Could you print each entry below verbatim while omitting the pictures?

▸ **DATA EXCERPTS**:
--
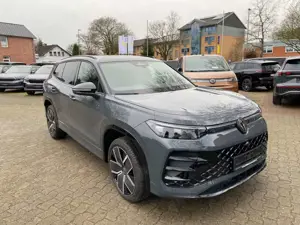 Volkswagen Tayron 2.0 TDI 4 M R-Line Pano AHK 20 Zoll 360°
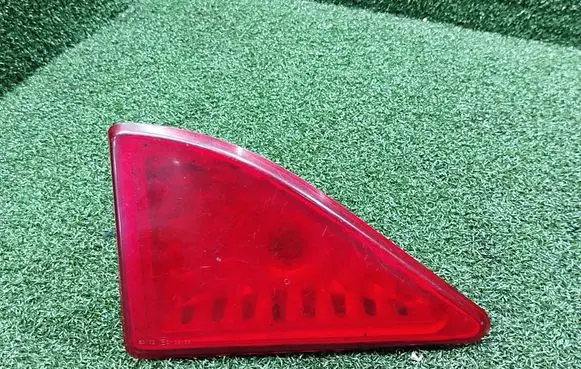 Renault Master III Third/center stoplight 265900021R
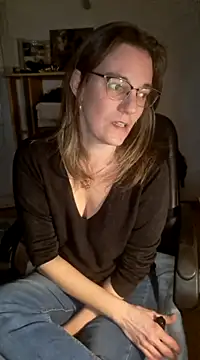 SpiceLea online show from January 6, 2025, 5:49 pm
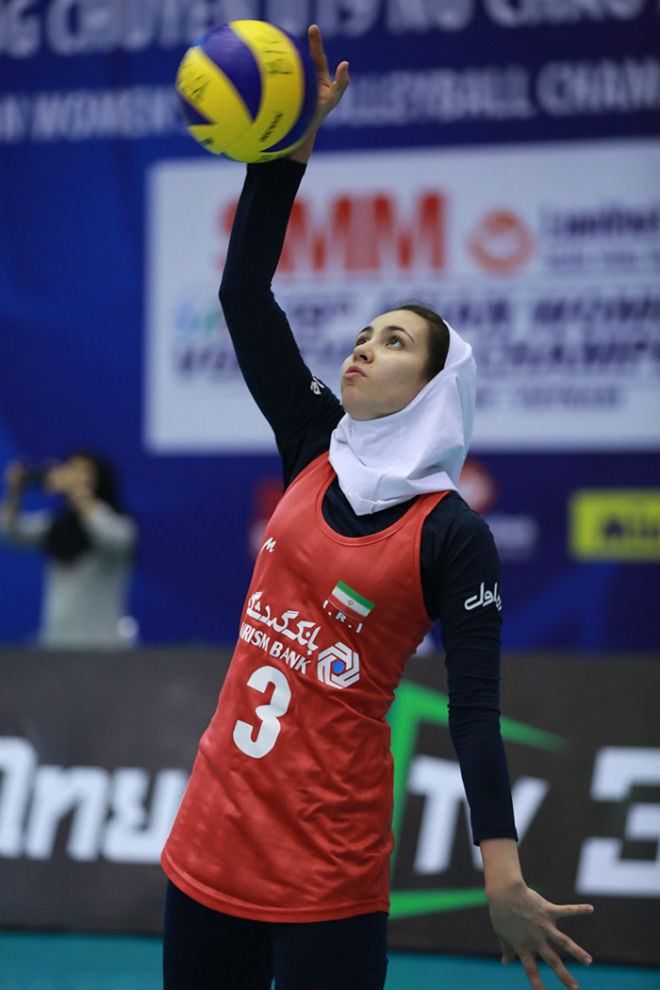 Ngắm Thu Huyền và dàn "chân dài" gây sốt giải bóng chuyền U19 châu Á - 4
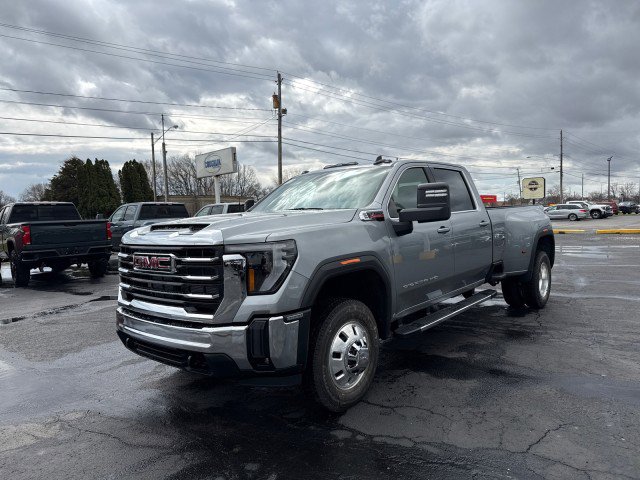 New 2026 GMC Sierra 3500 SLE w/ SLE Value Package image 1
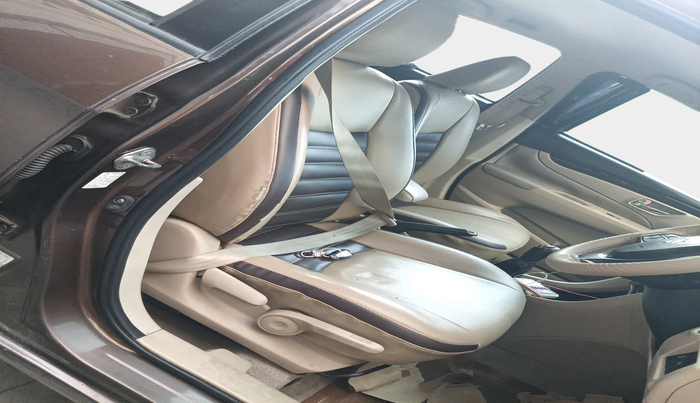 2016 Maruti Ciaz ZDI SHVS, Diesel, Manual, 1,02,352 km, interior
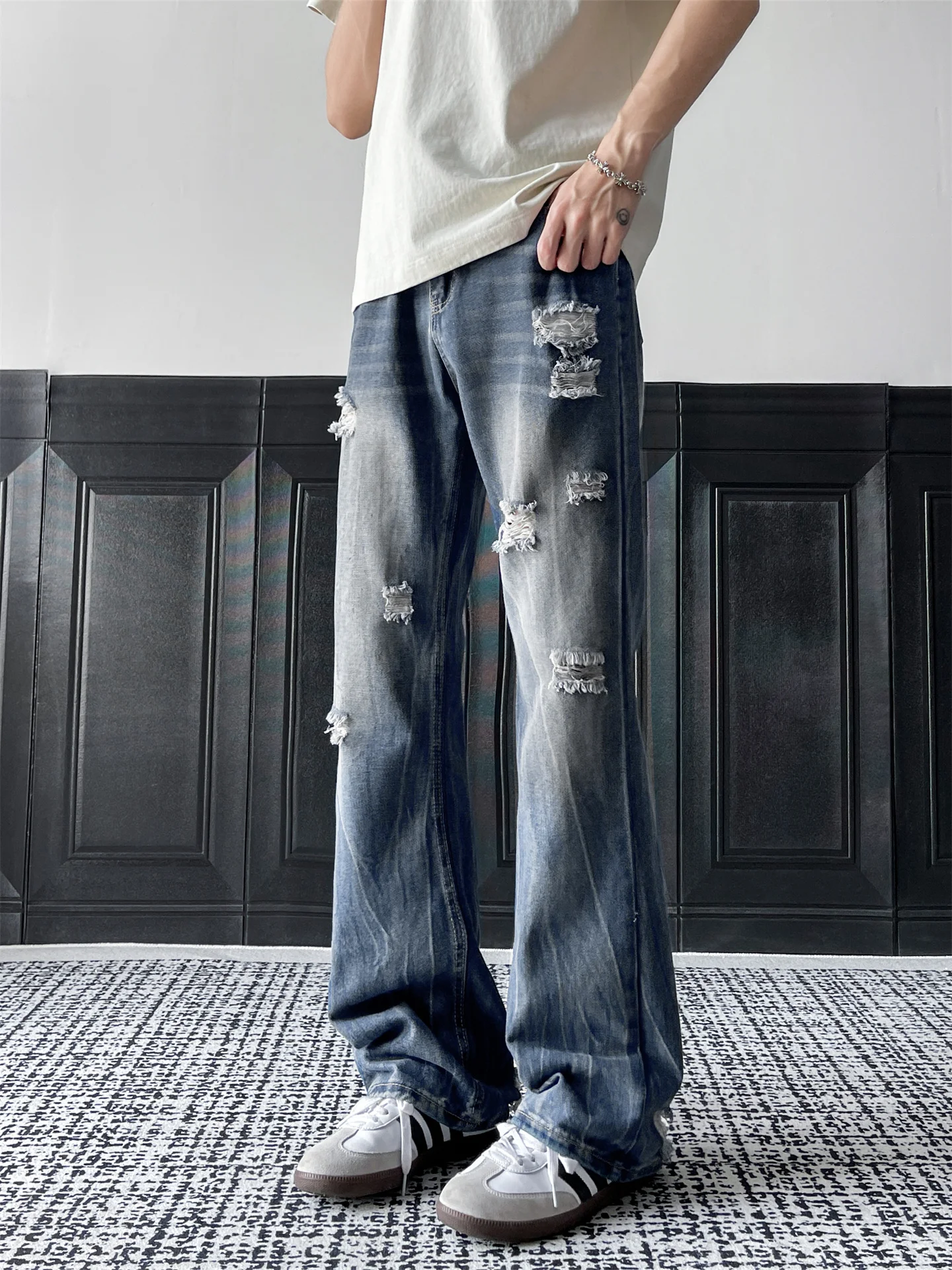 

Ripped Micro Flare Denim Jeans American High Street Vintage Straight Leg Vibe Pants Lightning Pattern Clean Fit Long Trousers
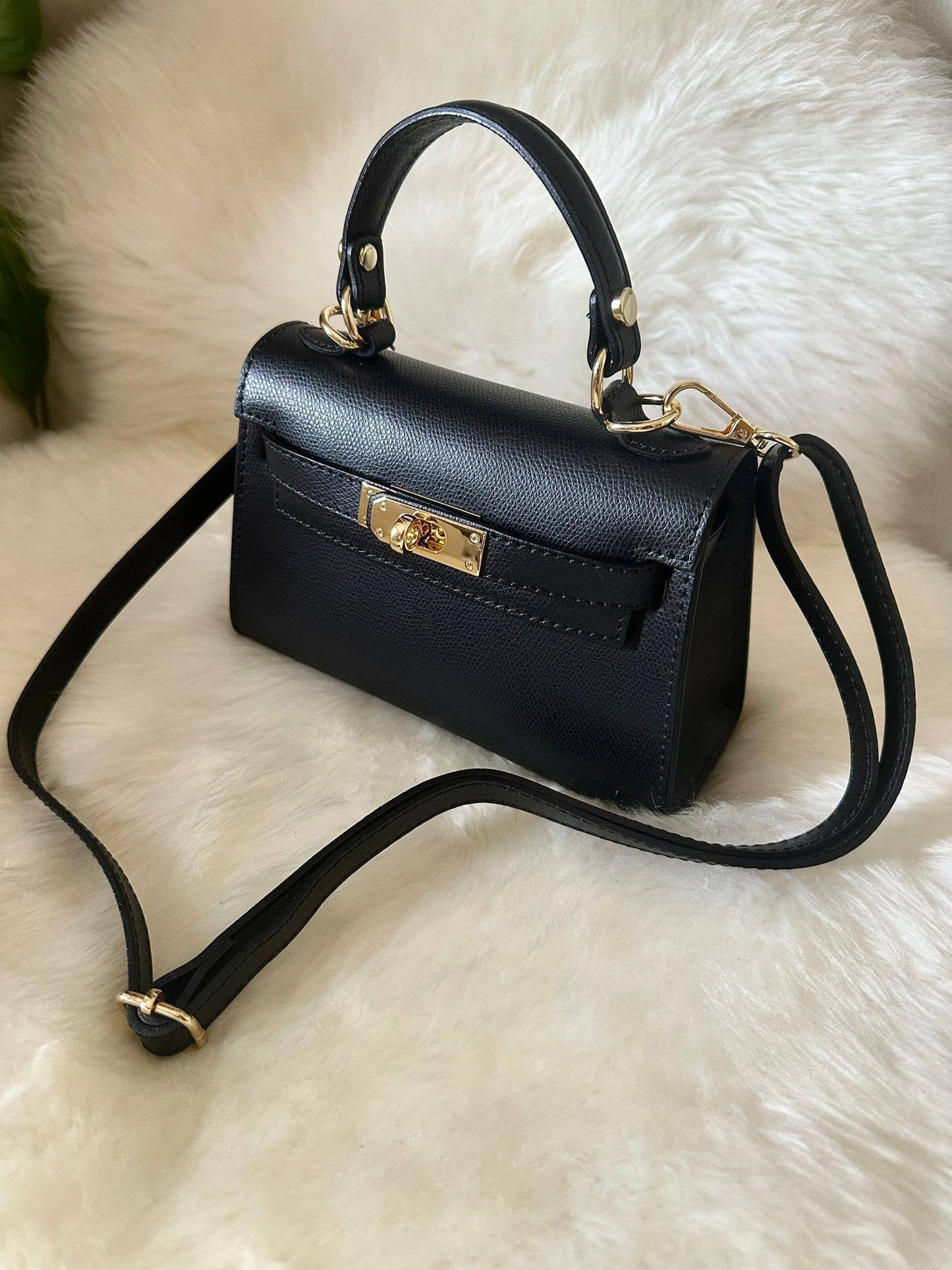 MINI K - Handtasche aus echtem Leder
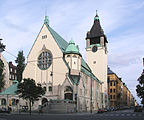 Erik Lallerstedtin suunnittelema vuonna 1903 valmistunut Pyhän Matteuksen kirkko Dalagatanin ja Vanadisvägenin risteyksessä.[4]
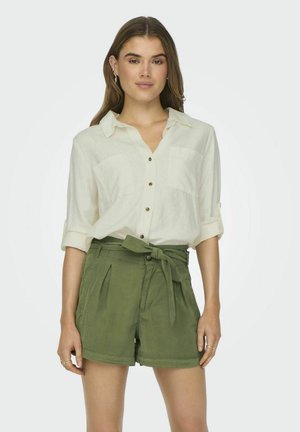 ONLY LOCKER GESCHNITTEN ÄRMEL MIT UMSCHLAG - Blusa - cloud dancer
--
▸ **RESULT**:
 Volkswagen Tayron 2.0 TDI 4 M R-Line Pano AHK 20 Zoll 360°
 Renault Master III Third/center stoplight 265900021R
 SpiceLea online show from January 6, 2025, 5:49 pm
 Ngắm Thu Huyền và dàn "chân dài" gây sốt giải bóng chuyền U19 châu Á - 4
 New 2026 GMC Sierra 3500 SLE w/ SLE Value Package image 1
 2016 Maruti Ciaz ZDI SHVS, Diesel, Manual, 1,02,352 km, interior

Ripped Micro Flare Denim Jeans American High Street Vintage Straight Leg Vibe Pants Lightning Pattern Clean Fit Long Trousers
 MINI K - Handtasche aus echtem Leder
 Erik Lallerstedtin suunnittelema vuonna 1903 valmistunut Pyhän Matteuksen kirkko Dalagatanin ja Vanadisvägenin risteyksessä.[4]
 ONLY LOCKER GESCHNITTEN ÄRMEL MIT UMSCHLAG - Blusa - cloud dancer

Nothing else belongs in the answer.